Just as when investors think that Morgan Stanley could not go further, the firm announced better-than-expected earnings for the third quarter.
Analysts capped the net income forecast to $2 billion, but the investment bank moved past the prediction after announcing a $2.7 billion earnings.
If this is not impressive enough, it went past the predicted $10.6 billion revenue on a one billion difference after posting an $11.66 billion income for the quarter. This is a 16% surge from the figures recorded a year prior.
The company’s investors will each receive a piece of the pie with the earnings per share of $1.66, up from market expectation of $1.28 per diluted share.
In total, the New York-based entity’s yields jumped 25% from the same period last year.
So far in the year, Morgan Stanley is considered one of Wall Street’s most aggressive investors, sealing over $20 billion acquisitions for 2020.
This happened despite the health crisis, which severely hindered the global stock market.
Despite the quarter’s impressive performance, stocks are still down by 12% from its 52-week high recorded in mid-January, which stood at $57.57 per share.
The biggest income generator is the firm’s bond trading desks, generating $400 million so far in 2020.
Similarly, wealth management service and investment management division are also significant contributors to the gain.
Analysts had high expectations from the banking juggernaut after its counterparts beat forecasts anew for their quarterly earnings.
Due to the upbeat mood, the firm’s shares hiked by 0.3% in the early morning stock trading session.
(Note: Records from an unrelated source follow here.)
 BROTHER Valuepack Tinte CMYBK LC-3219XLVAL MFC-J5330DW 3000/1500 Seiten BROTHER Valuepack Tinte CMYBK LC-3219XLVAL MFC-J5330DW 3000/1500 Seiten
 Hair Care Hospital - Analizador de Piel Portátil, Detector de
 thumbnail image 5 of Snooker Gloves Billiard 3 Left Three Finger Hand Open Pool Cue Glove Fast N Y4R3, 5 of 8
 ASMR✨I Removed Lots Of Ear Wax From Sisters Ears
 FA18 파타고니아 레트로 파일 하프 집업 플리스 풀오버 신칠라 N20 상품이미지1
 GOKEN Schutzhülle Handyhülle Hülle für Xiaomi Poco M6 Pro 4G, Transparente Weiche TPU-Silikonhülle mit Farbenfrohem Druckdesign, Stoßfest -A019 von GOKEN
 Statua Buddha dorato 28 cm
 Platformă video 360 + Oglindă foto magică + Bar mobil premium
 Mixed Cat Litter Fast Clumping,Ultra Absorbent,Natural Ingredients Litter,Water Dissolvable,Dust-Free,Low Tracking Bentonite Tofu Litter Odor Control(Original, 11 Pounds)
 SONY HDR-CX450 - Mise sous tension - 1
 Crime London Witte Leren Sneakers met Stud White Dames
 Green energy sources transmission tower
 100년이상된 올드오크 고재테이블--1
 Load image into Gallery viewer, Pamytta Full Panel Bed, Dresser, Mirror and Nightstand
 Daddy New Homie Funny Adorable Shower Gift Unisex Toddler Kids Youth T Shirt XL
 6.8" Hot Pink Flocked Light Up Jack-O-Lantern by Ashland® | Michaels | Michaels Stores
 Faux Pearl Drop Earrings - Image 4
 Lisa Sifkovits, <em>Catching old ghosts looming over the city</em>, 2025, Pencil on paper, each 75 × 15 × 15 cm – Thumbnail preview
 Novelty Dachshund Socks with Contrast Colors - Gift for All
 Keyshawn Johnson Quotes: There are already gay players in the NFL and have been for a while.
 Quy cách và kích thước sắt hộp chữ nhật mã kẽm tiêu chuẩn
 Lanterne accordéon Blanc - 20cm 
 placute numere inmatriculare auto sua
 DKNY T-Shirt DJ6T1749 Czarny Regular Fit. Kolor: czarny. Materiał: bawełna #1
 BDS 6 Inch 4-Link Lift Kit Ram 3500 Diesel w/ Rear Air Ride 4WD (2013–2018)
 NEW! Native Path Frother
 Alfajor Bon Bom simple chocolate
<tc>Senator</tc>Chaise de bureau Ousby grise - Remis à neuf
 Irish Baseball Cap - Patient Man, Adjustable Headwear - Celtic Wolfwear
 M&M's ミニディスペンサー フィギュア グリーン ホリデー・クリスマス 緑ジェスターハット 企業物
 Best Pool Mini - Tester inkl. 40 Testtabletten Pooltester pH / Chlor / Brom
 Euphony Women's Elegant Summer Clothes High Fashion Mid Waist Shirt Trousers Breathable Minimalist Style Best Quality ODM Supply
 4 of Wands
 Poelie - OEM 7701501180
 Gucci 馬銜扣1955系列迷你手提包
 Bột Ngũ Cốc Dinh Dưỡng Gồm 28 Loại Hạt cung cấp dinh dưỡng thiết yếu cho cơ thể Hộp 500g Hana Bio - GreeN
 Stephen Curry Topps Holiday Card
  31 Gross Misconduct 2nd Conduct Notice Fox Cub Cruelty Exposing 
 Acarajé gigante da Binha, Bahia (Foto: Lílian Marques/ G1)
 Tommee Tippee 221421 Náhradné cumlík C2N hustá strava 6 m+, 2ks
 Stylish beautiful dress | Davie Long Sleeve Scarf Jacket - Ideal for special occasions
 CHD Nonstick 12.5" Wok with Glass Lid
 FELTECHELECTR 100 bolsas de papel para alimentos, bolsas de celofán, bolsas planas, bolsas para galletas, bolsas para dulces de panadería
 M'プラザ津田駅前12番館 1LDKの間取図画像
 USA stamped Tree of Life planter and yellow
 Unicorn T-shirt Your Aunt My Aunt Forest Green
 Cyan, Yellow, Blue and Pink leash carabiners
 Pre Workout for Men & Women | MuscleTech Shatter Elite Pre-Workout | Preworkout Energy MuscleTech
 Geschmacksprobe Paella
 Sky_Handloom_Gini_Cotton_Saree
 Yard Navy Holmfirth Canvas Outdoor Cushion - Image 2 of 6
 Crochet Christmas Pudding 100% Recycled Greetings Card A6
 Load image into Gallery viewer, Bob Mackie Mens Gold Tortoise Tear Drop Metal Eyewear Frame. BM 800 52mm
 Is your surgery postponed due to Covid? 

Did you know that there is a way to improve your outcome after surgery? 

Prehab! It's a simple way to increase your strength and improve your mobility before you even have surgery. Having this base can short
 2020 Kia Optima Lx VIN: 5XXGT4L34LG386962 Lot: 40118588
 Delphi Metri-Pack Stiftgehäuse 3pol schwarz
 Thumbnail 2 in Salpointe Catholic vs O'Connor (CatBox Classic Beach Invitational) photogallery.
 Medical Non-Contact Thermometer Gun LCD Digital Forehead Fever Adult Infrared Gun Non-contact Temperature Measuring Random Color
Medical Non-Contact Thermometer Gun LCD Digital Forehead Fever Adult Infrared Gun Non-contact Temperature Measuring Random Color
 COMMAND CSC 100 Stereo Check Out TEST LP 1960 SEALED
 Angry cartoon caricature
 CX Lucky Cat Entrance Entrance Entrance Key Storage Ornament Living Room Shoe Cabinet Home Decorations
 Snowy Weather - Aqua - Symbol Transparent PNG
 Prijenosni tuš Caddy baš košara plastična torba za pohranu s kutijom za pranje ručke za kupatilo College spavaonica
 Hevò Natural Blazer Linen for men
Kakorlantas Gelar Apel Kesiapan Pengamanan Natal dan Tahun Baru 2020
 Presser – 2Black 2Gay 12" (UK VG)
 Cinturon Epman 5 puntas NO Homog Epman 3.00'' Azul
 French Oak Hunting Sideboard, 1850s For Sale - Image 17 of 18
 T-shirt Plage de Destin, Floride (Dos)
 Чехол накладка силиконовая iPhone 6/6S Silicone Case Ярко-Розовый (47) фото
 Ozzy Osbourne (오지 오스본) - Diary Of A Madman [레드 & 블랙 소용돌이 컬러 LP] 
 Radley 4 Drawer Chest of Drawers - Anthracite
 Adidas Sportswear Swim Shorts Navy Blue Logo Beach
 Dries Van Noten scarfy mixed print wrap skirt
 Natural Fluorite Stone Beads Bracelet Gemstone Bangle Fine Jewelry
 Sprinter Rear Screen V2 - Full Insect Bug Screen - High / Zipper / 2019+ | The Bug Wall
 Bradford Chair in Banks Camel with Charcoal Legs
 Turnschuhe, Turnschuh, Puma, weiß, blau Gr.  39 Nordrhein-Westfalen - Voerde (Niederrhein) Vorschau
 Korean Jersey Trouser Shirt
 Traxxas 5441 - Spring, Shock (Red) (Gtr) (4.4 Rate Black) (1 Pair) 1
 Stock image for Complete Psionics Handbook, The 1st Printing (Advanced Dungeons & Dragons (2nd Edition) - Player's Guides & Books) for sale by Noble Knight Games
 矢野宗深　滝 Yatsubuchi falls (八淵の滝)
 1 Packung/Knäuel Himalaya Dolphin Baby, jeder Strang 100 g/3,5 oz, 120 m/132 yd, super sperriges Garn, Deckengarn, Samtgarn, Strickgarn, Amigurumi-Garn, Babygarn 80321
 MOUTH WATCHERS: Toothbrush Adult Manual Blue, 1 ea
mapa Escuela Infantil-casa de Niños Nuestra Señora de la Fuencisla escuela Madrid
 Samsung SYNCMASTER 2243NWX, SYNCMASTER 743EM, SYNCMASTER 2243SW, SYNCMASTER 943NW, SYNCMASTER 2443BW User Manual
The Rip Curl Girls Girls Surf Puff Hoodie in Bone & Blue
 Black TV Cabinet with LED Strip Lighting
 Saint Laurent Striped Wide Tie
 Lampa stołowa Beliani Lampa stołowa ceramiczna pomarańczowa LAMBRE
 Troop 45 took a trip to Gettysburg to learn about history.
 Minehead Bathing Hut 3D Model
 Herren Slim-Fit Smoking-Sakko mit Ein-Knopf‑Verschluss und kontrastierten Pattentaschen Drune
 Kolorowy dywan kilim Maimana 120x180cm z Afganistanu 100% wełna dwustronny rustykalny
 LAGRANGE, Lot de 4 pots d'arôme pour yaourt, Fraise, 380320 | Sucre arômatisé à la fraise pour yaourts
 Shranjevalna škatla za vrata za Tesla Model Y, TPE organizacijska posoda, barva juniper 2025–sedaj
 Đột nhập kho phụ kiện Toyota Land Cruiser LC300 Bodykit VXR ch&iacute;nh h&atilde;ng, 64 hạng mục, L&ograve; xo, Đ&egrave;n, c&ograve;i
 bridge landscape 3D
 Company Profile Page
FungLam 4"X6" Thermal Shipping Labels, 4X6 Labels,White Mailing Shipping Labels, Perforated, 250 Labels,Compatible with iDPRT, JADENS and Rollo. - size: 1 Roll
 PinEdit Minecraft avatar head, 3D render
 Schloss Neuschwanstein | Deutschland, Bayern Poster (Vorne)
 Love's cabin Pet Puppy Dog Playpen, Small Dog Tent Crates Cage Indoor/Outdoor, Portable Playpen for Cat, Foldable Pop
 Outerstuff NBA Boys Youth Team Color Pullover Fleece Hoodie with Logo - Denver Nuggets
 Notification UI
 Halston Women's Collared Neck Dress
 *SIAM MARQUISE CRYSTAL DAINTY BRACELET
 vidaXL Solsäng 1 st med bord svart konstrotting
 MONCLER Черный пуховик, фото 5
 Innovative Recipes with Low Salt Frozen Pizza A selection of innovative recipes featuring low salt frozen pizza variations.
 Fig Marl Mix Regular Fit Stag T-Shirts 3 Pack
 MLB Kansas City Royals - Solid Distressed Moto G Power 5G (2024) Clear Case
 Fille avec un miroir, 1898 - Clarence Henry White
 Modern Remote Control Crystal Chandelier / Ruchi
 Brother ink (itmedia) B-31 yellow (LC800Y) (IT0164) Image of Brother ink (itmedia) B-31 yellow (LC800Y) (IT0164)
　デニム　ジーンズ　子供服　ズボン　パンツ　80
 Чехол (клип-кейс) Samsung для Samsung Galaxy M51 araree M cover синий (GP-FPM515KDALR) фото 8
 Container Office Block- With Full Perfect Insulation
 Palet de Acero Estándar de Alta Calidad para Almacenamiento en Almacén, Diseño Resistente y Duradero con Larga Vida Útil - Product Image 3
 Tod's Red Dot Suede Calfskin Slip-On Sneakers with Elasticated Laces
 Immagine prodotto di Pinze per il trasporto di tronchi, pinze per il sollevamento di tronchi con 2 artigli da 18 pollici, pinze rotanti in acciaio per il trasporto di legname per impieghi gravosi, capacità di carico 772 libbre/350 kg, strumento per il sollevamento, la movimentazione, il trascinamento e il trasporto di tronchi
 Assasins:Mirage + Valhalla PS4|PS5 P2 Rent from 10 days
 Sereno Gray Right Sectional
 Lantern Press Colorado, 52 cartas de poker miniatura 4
Stocks hit another 0.6% increase at one point.
Buying Purge Sends Stocks to High
Last week, the company’s chief executive announced that his company would acquire an investment management company, Eaton Vance, in a cash-and-stock deal worth $7 billion.
Market enthusiasts believe that this will bolster the firm’s wealth and investment management business.
Before the deal, the division is one of the lowest-yielding units of the overall business. Consequently, this will also grow the bank’s investment management services.
After the news, Morgan Staley’s stocks edged lower at a 2.6% decrease, but Eaton’s shares received good feedback from investors after an unprecedented 36.3% surge.
Earlier in the year, the financial industry giant also acquired the $13 billion takeovers of discount brokerage E-Trade.
For the record, Morgan Staley’s shares are still trading flat and steady, remaining almost unchanged for the year.